Warren may be that somebody. Her grand theme is economic inequality and her critique, both populist and progressive, includes a searing indictment of Wall Street. Liberals eat it up. “The game is rigged, and the Republicans rigged it,” she said at Carleton College in Northfield, Minn. The line drew a huge ovation — as did mention of legislation she has sponsored to allow students to refinance their student loans.
In these appearances, Warren talks about comprehensive immigration reform, support for same-sex marriage, the need to raise the minimum wage, abortion rights and contraception — a list of red-button issues at which she jabs and pokes with enthusiasm.
The centerpiece, though, is her progressive analysis of how bad decisions in Washington have allowed powerful interests to re-engineer the financial system so that it serves the wealthy and well-connected, not the middle class.
A different direction
On Sunday, Warren was in Des Moines, Iowa, campaigning for Democrat Bruce Braley, who is in another of those tick-tight Senate races. It may be sheer coincidence that Warren chose the first-in-the-nation nominating caucus state to deliver what The Des Moines Register called a “passion-filled liberal stemwinder.”

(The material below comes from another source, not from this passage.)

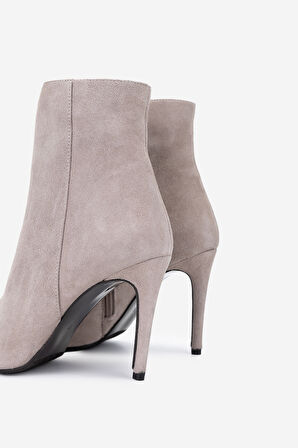 Valmenti Kadın Hakiki Deri Vizon Süet Topuklu Bot 1074 2334 BN BOT SK25-26 VIZON SUET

There once was consensus on the need for government investment in areas such as education and infrastructure that produced long-term dividends, she said. “Here’s the amazing thing: It worked. It absolutely worked.”
But starting in the 1980s, she said, Republicans took the country in a different direction, beginning with the decision to “fire the cops on Wall Street.” “They called it deregulation,” Warren said, “but what it really meant was: Have at ’em, boys. They were saying, in effect, to the biggest financial institutions, any way you can trick or trap or fool anybody into signing anything, man, you can just rake in the profits.” She went on to say that “Republicans, man, they ought to be wearing a T-shirt. . . . The T-shirt should say, ‘I got mine. The rest of you are on your own.’ “
So far this year, Warren has published a memoir, “A Fighting Chance,” that tells of her working-class roots, her family’s economic struggles, her rise to become a Harvard Law School professor and a U.S. senator, and, yes, her distant Native American ancestry. She has emerged as her party’s go-to speaker for connecting with young voters. She has honed a stump speech with a clear and focused message, a host of applause lines and a stirring call to action.
She’s not running for president apparently because everyone assumes the nomination is Clinton’s. But everyone was making that same assumption eight years ago, and we know what happened. If the choice is between inspiration and inevitability, Warren may be forced to change her plans.